James’ Refusals: 6 and 7
[36] James refused to produce his legal accounts rendered to the plaintiffs on the grounds of privilege and relevancy.
[37] Ishakis submits that they are entitled to production of the accounts to see what work was performed by James. Although it was my finding above that the plaintiffs waived solicitor client privilege over James’ legal file regarding the sale from Kastner to Ishakis, I am not satisfied that the accounts are in any way relevant to any of the issues in this proceeding. Simply put, James’ accounts are not in issue in this action--not the work he performed nor the amount charged.
[38] Therefore, Questions 6 and 7 were proper refusals.
James’ Refusal: 11
[39] James refused to answer whether he had any discussions with the plaintiffs regarding the Roynat postponement on the grounds of privilege and lack of relevance.
[40] The refusal chart fails to set out the portion of the pleadings or the evidence that refers to the Roynat postponement. Ishakis’ evidence is that as part of the closing documents, a Subordination and Postponement Agreement was entered into with the Royal Bank of Canada which was providing an operating line of credit to Ishakis and Kastner as vendors. This Agreement included an Acknowledgment signed by the plaintiffs.
[41] In addition, Ishakis pled that he had no knowledge that the plaintiffs and Kastner entered into the Assignment of Guarantees.
[42] In oral submissions, defence counsel referred me to paragraph 6 of the Assignment of Guarantees which states that the plaintiffs agreed to be bound by the Postponement Agreement by Embury Company in favour of Roynat Inc. and the Postponement Agreement between 2129150 Ontario Inc. in favour of Roynat Inc.
[43] I find that James’ refusal was improper and that the question is relevant to the issue raised by Ishakis regarding the plaintiffs’ involvement in the negotiation of the agreement and his claim of conspiracy between the plaintiffs and Kastner. In February, 2013, over two years from the closing of the sale transaction, the plaintiffs and Kastner entered into the Assignment of Guarantees in which the plaintiffs acknowledged and agreed to be bound by the Postponement Agreements in favour of Roynat Inc. As such, it is reasonable to assume that the plaintiffs may have had involvement in the said Postponements, if only to the extent as to whether they had a choice to agree or not agree to the Postponements at the relevant times.
[44] For the above reasons, James shall answer this question.
James’ Refusal: 12
[45] James refused to answer whether he agreed that it was his responsibility or obligation to ensure that the security his clients were receiving was correct on the grounds that the question was not relevant to the issues in the action or the evidence filed for the summary judgment motion. The question was asked in the context of the plaintiffs’ claim for rectification of the spelling of the names of the Fairfax companies.
[46] I find that James’ refusal to answer this question was proper as the question is not relevant to any issue on the summary judgment motion. James’ responsibilities or obligations as counsel to the plaintiffs are not in issue.
Brown’s Refusals: 3 and 4
[47] Brown refused to answer these questions on the grounds of privilege and lack of relevance.

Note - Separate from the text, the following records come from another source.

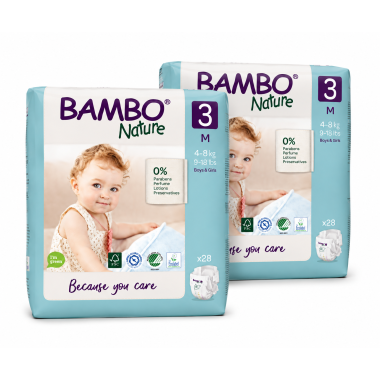 Pack Ahorro Bambo Nature Talla 3 Ecológicos 56 Pañales (2x28) | Máxima Suavidad y Protección Natural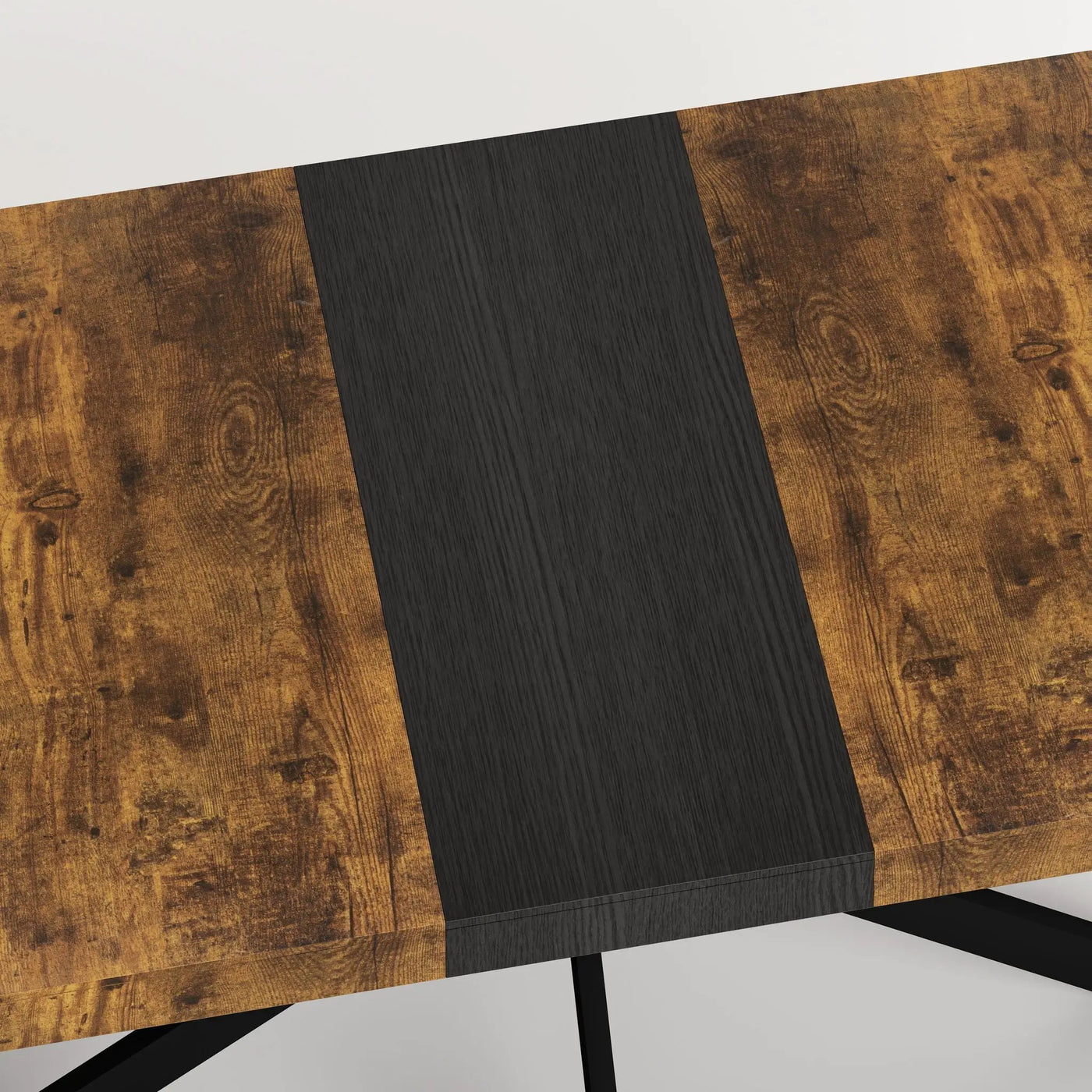 Retro Rectangular Stretch Dining Table With Embossed Center Plate by HouseOfZazla
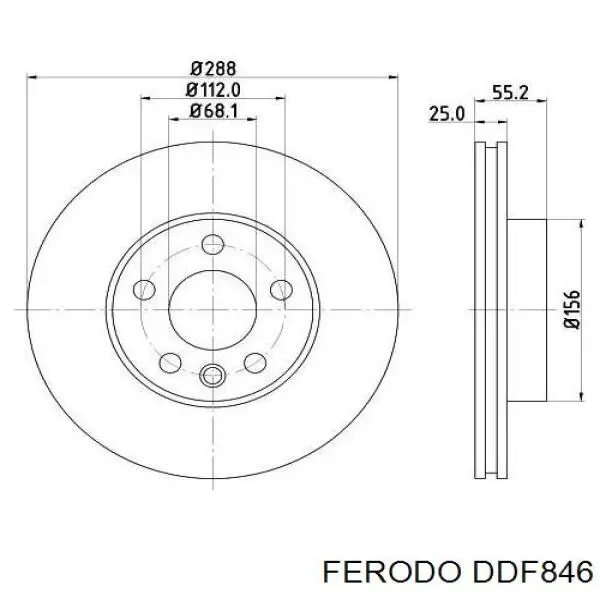 Диск гальмівний передній Ferodo DDF846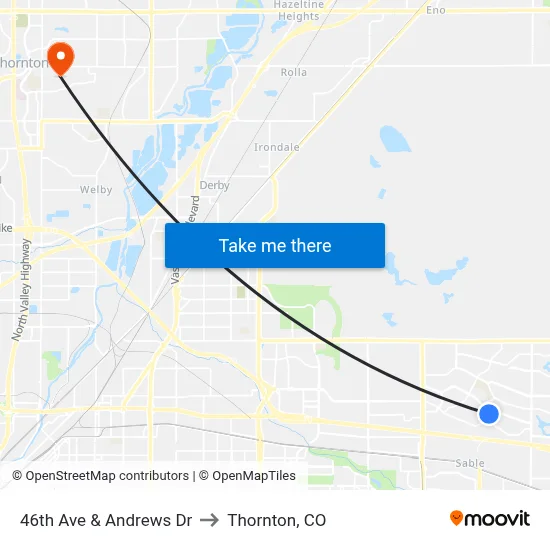46th Ave & Andrews Dr to Thornton, CO map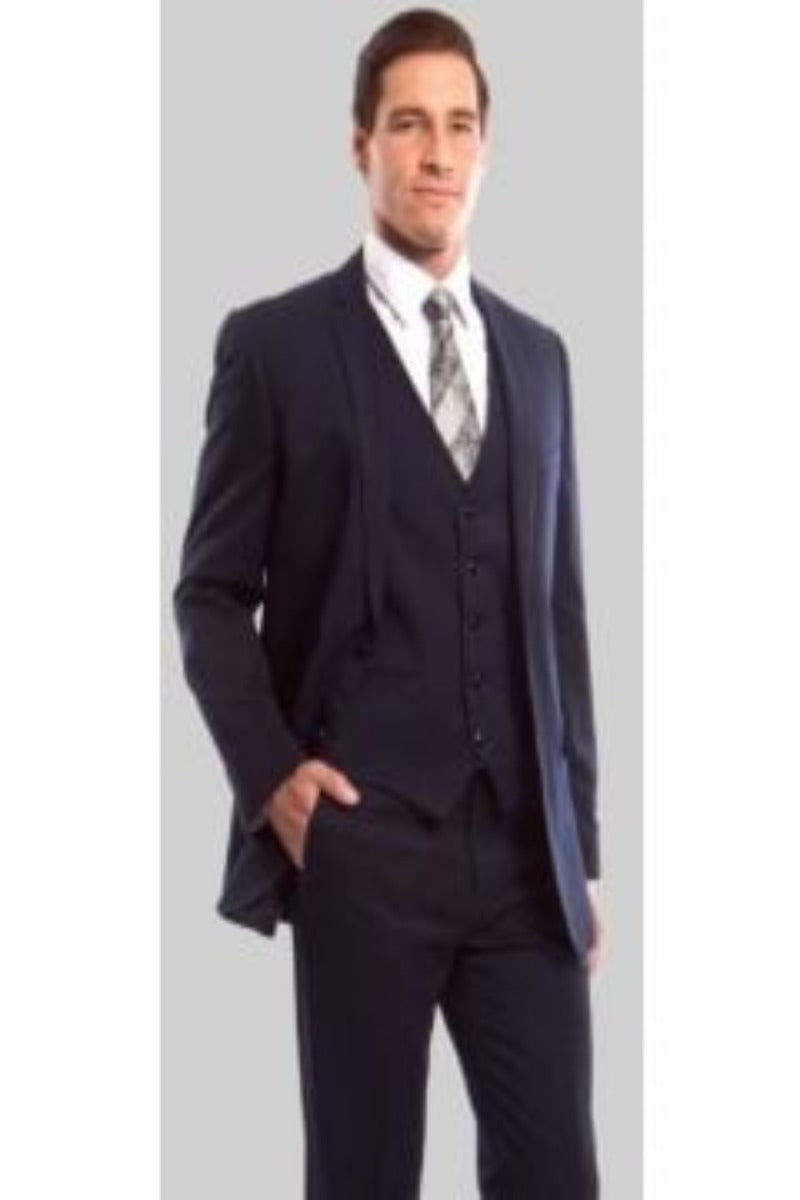 Tazio Men's 3-Piece Solid Suit - Slim Fit Business Wear with Discount - 34 Short or Extra Small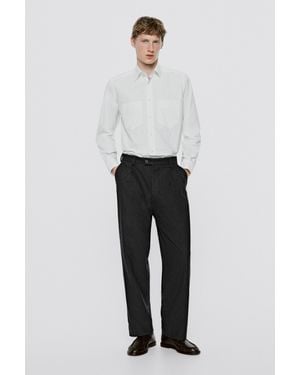 MASSIMO DUTTI Regular Fit Shirt With Pocket Detail - White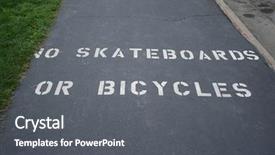  Presentation with bicycles - Amazing PPT layouts having no skateboards or bicycles sign painted on footpath backdrop and a gray colored foreground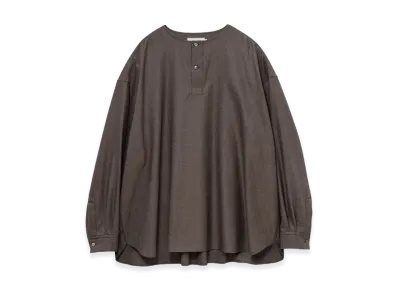 Graphpaper Melange Matt Worsted Collarless Shirt "Brown"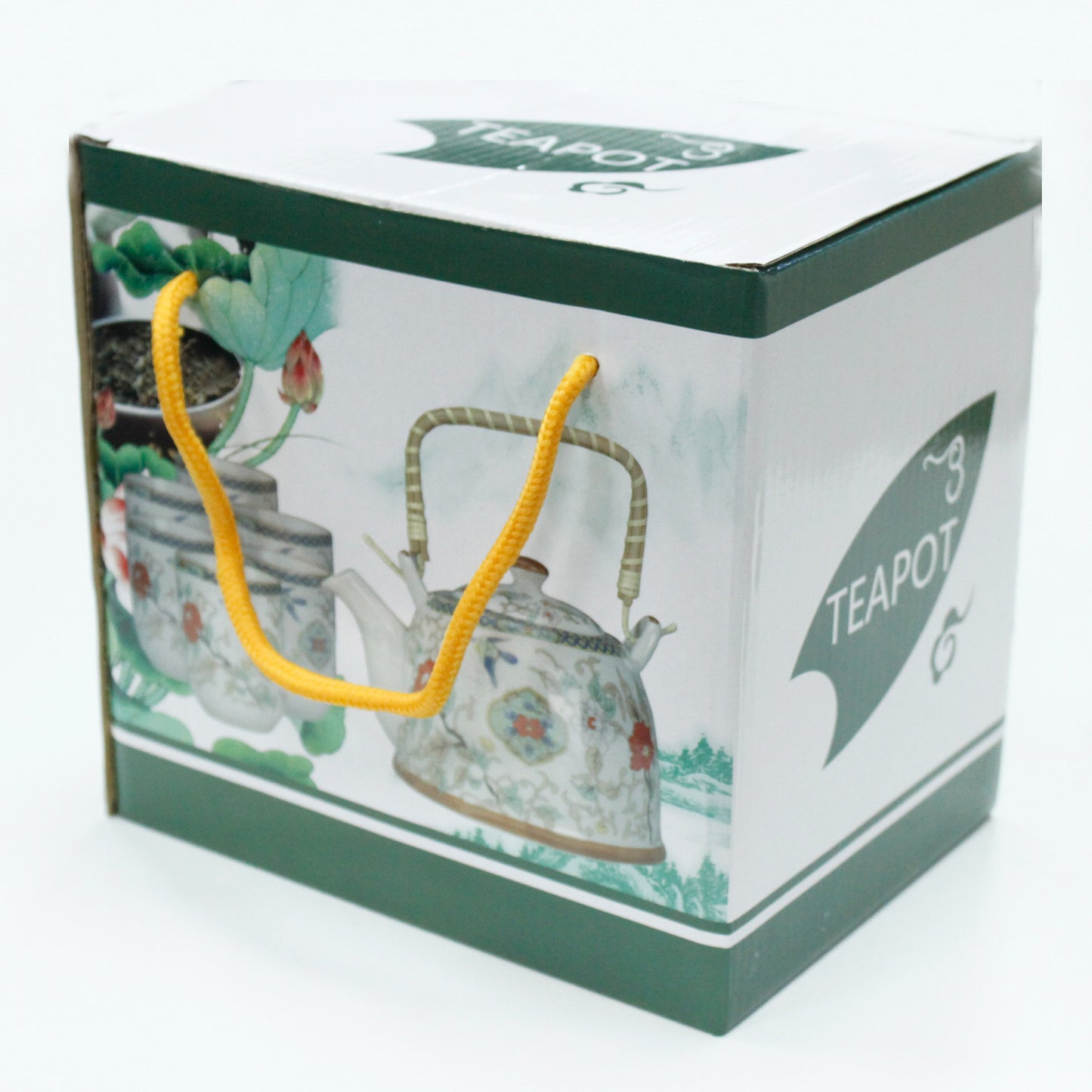 Packaging Style Box for the 650ml Chinese Fan Design Glazed Ceramic Teapot with a Strainer and a 6 Matching Cup Set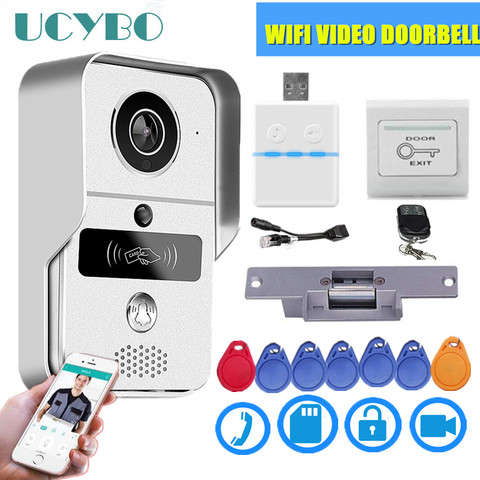 Wifi video doorbell IP security wireless video doorphone camera 4G Keyfobs electric lock smart wifi video intercom system kit ► Photo 1/6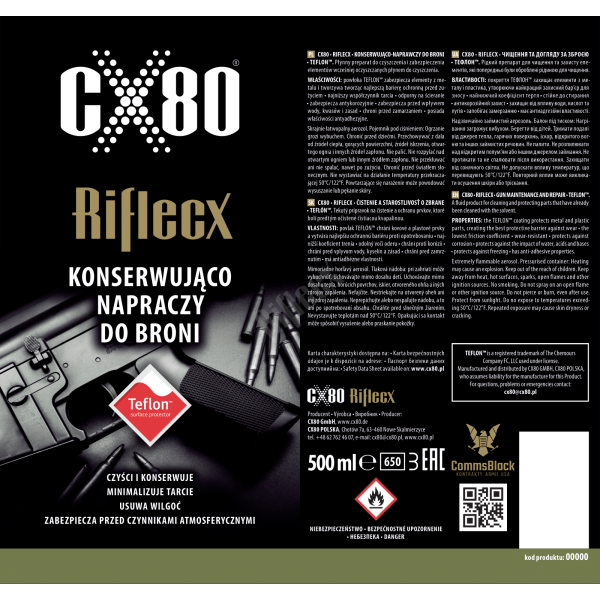 Płyn konserwująco naprawczy do broni CX80 Riflecx Care Spray 500 ml
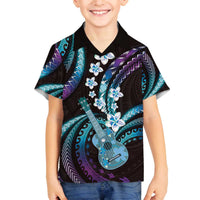 Hawaiian Ukulele Family Matching Off The Shoulder Long Sleeve Dress and Hawaiian Shirt Amethyst Gradient Fantastic Plumeria LT01 Son's Shirt Purple - Polynesian Pride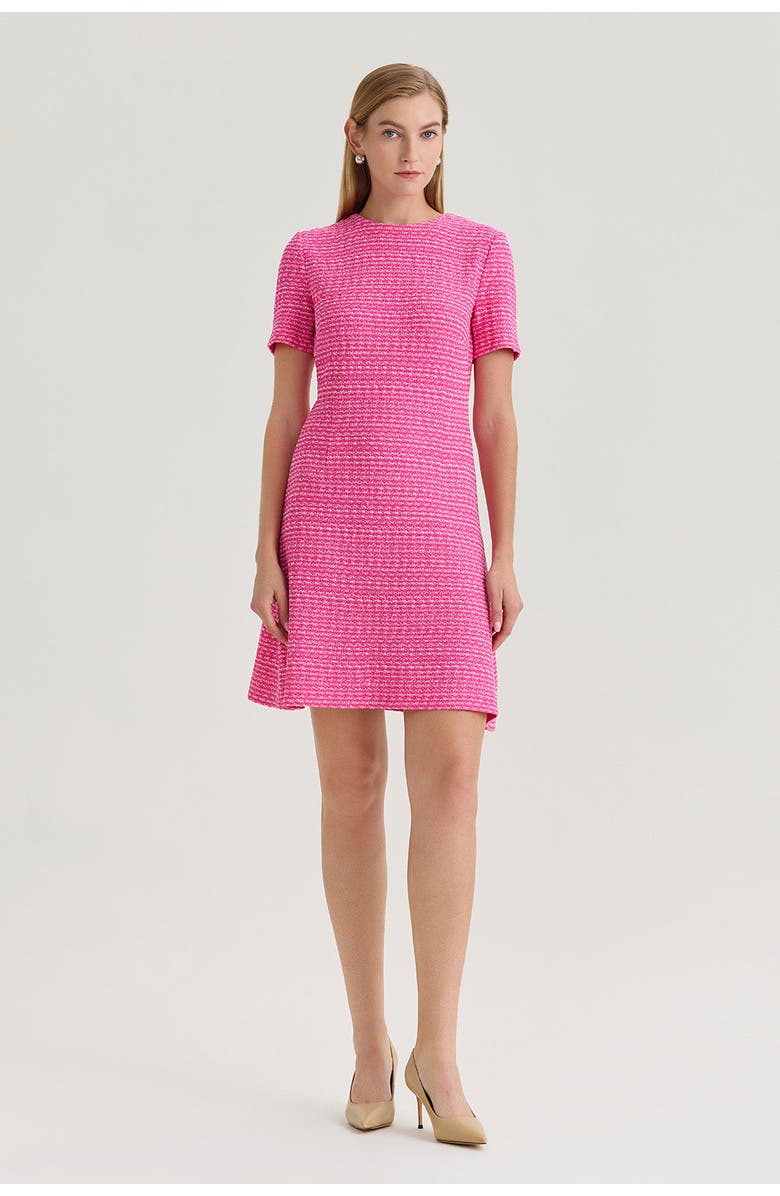 Ming Wang A-Line Tweed Texture Above-The-Knee Dress, Main, color, Carmine Rose/White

[48] In my view, the plaintiffs’ understanding of the nature of the promissory note and the “basis and import” of an intercreditor agreement are not relevant to any issue on the summary judgment motion. The plaintiffs’ evidence is that they had no input into the terms of any of the agreements between Kastner and Ishakis. This evidence does not, in my view, raise any issue regarding the plaintiffs’ understanding of the documents. Further, the plaintiffs are seeking to enforce the Notes and it was not pled, nor is there any evidence, that they did not understand the nature of the Notes and an intercreditor agreement.
[49] For those reasons, I find that the refusals were proper.
Brown’s Refusals: 5, 6 and 7
[50] Brown refused to answers these questions on the ground of lack of relevance.
[51] Regarding refusals 5 and 7, I find that these refusals were proper. The actual amount each plaintiff received from the sale of the business to Kastner in 2005 is not relevant to any issue on the summary judgment motion. Ishakis alleged that he paid too much for the business and that Kastner and the plaintiffs conspired to inflate the selling price. Firstly, in my prior reasons, I ordered that James produce his file for the sale to Kastner. The documents therein will undoubtedly set out the net proceeds of the sale paid to the plaintiffs. Secondly, it will be for Ishakis to prove on expert evidence the value of the business at the relevant times in 2005 and 2010. Therefore, I find the actual amount received by each plaintiff in 2005 has no relevance to any issue on the summary judgment motion. Moreover, in my view, any such evidence will not assist the trier of fact in determining any of the issues.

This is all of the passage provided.